Südtirols Bühnen stellen sich im März den großen Fragen
Herkunft, Respekt, aber auch der Umgang mit der Vergangenheit – der eigenen und jener der anderen, der realen sowie erfundenen Menschen um uns herum. Der Start in den Frühling gestaltet sich spannend.

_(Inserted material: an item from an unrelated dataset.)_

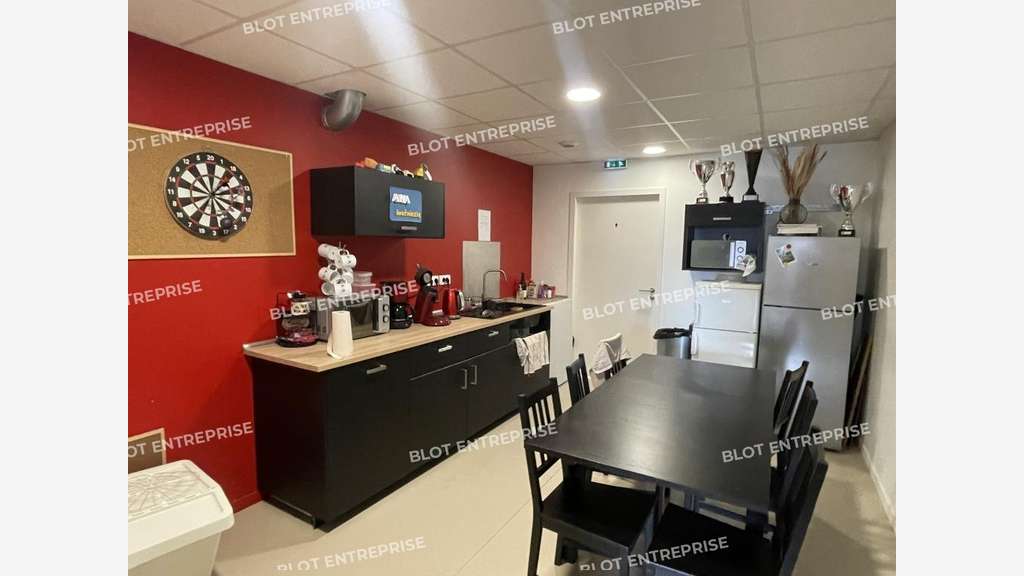 A louer bureaux 355m² ERP PMR à Rennes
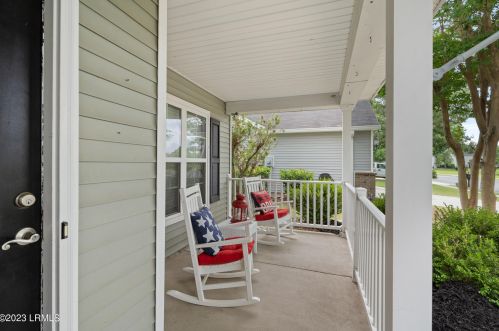 96 Shadow Moss Dr, Beaufort SC  29906-6000 exterior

Ein zweisprachig skurriles Stück über das Gefangensein in Konstrukten und die Frage, ob und wie man diesen entfliehen kann: Das ist Caligula im Stadttheater Bruneck (ab 22.03., Regie: Viktoria Obermarzoner). Darin geht es um eine dreiköpfige Familie und einen Vogel namens Caligula. Alle reden aneinander vorbei, hören kaum zu und geben niemals ihre Gefühle preis. Caligula wiederholt Wörter, nimmt Gespräche auf und weiß bald mehr über die Familienmitglieder als sie selbst. Das Gefüge beginnt zu bröckeln und alle suchen nach ihrer Freiheit, auch der Vogel. Wer wird Sie finden? Und gibt es Sie überhaupt? Das Stück von Iaco Rigo auf Ladinisch und Deutsch ist Teil des europäischen Minderheiten-Projekts phonè.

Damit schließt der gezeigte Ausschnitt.